▶ [Data for the task]
↓↓↓
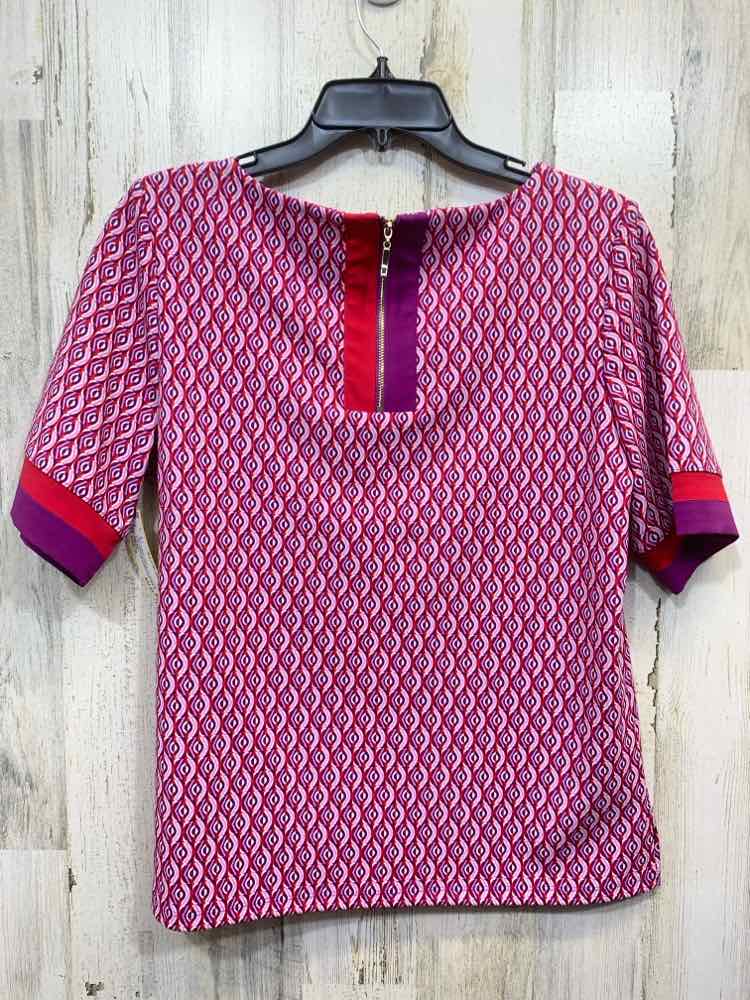 PRE-OWNED CHICO'S Tops Size 0 RED/PINK/PURPLE/WHITE ABSTRACT 3/4 LENGTH Shirt/AB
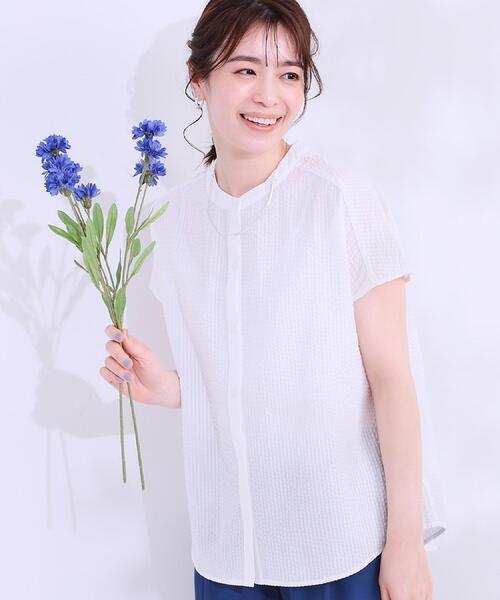 ブラウス シャツ サッカーシャツブラウス/洗える レディース SHOO・LA・RUE ブラウス シャツ 「洗える/S-LL」涼やかで好印象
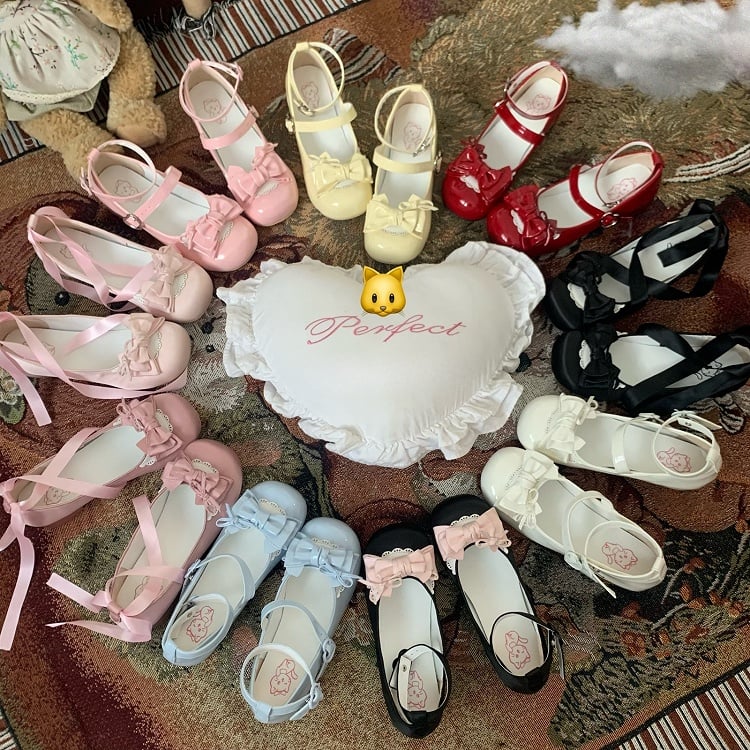 Sweet Lolita Satin Black Mary Janes - Round Toe with Detachable Heart Snap Strap & Top Bow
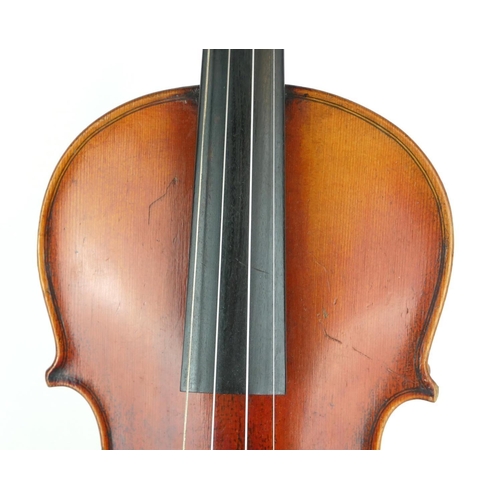 464 - A 19TH CENTURY HALF SIZE VIOLIN WITH STAMPED LASALLE BOW
Contained in a wooden sarcophagus case.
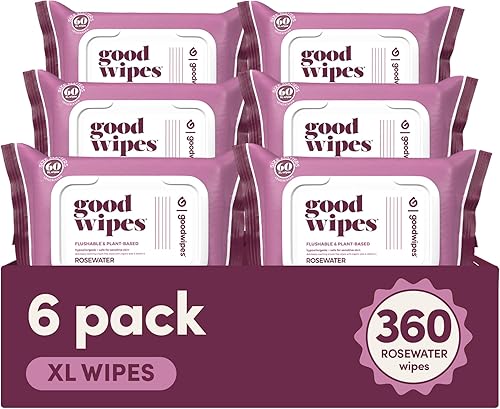 Miniatura 10 de Goodwipes Toallitas desechables y a base de plantas con botánicos  Dispensador para uso doméstico  Shea-Coco con aloe séptico y alcantarillado  360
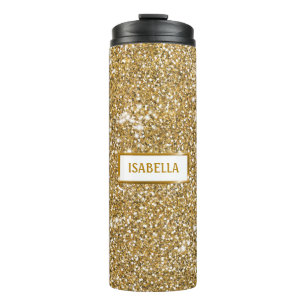 Bouteilles Isothermes Faux Yellow Parties scintillant Texture Look & Cus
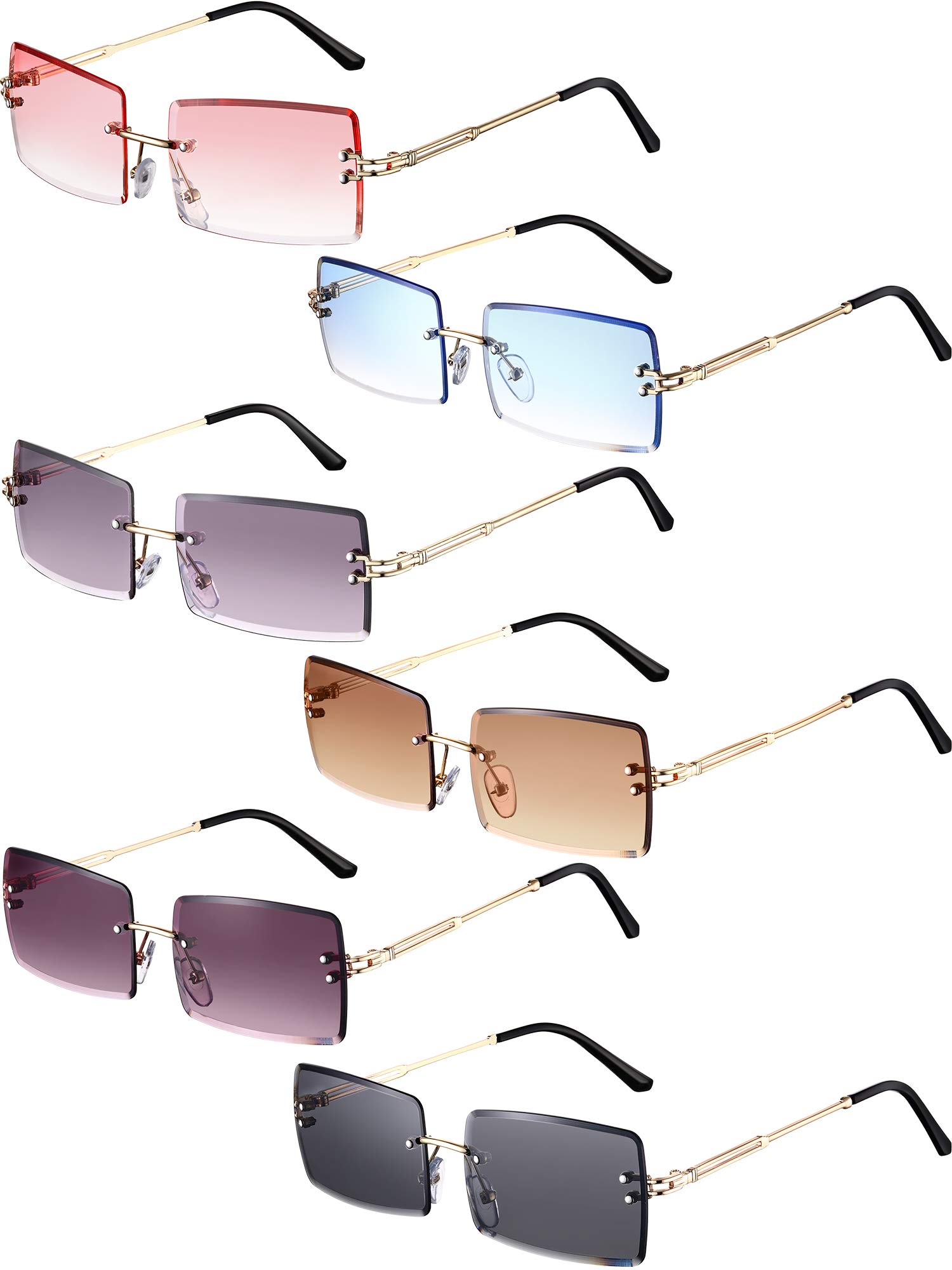 Weewooday 6 Pairs Rimless Rectangle Sunglasses Small Vintage Sunglasses Retro Frameless Eyewear for Women Men Travel Outdoor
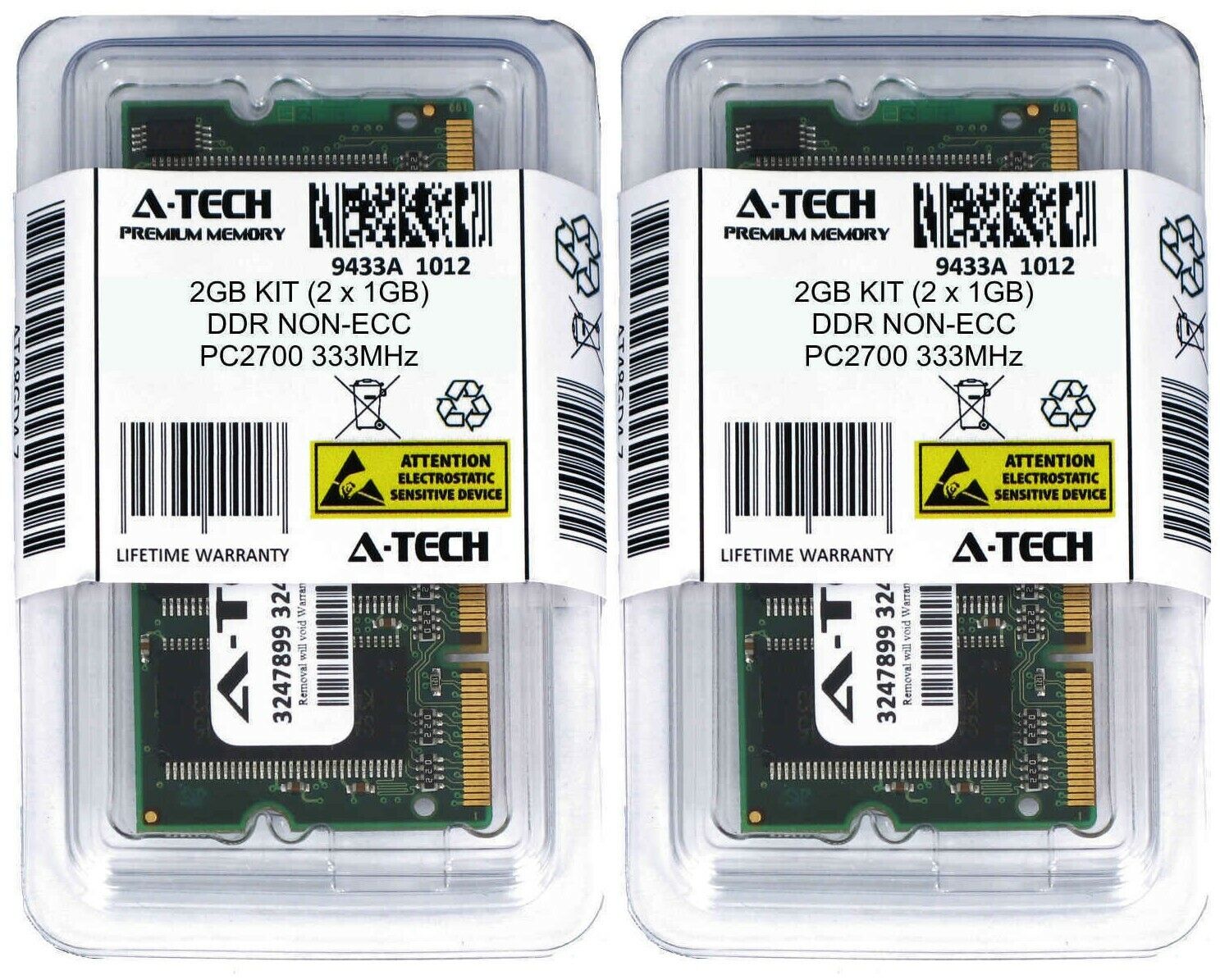 A-Tech 2GB 2x 1GB PC2700 Laptop SODIMM DDR 333 MHz 200-pin non-ECC Memory RAM 2G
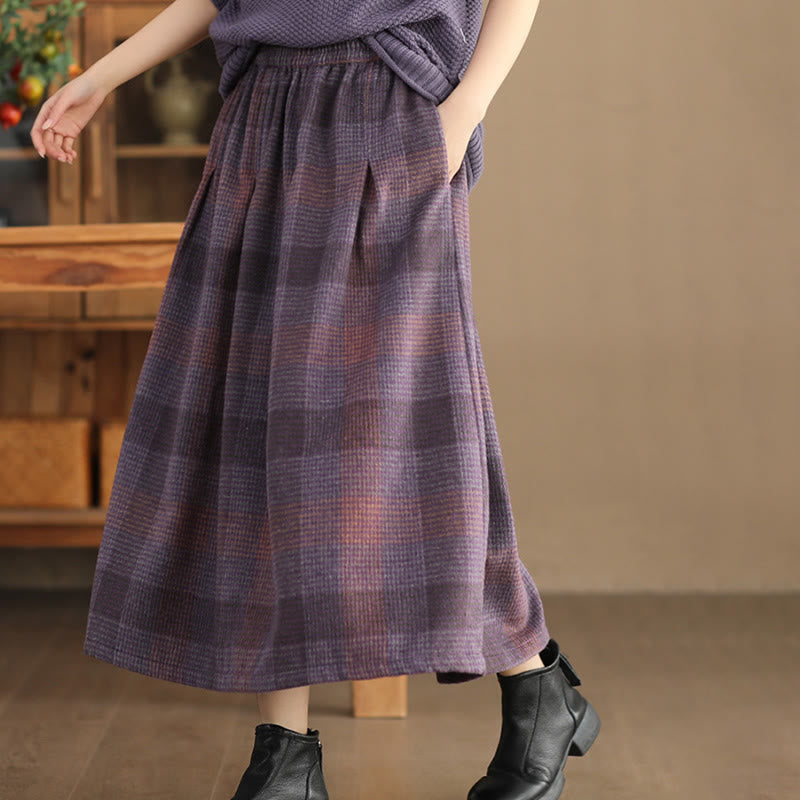Nimara Ritual Women's Winter Plaid Pattern Thermal 7-8 Length Skirt With Pockets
↑↑↑
▶ [Exercise]
Please retype the listing exactly, leaving out any images.

▶ [Response to the task]
 PRE-OWNED CHICO'S Tops Size 0 RED/PINK/PURPLE/WHITE ABSTRACT 3/4 LENGTH Shirt/AB
 ブラウス シャツ サッカーシャツブラウス/洗える レディース SHOO・LA・RUE ブラウス シャツ 「洗える/S-LL」涼やかで好印象
 Sweet Lolita Satin Black Mary Janes - Round Toe with Detachable Heart Snap Strap & Top Bow
 464 - A 19TH CENTURY HALF SIZE VIOLIN WITH STAMPED LASALLE BOW
Contained in a wooden sarcophagus case.
 Miniatura 10 de Goodwipes Toallitas desechables y a base de plantas con botánicos  Dispensador para uso doméstico  Shea-Coco con aloe séptico y alcantarillado  360
 Bouteilles Isothermes Faux Yellow Parties scintillant Texture Look & Cus
 Weewooday 6 Pairs Rimless Rectangle Sunglasses Small Vintage Sunglasses Retro Frameless Eyewear for Women Men Travel Outdoor
 A-Tech 2GB 2x 1GB PC2700 Laptop SODIMM DDR 333 MHz 200-pin non-ECC Memory RAM 2G
Nimara Ritual Women's Winter Plaid Pattern Thermal 7-8 Length Skirt With Pockets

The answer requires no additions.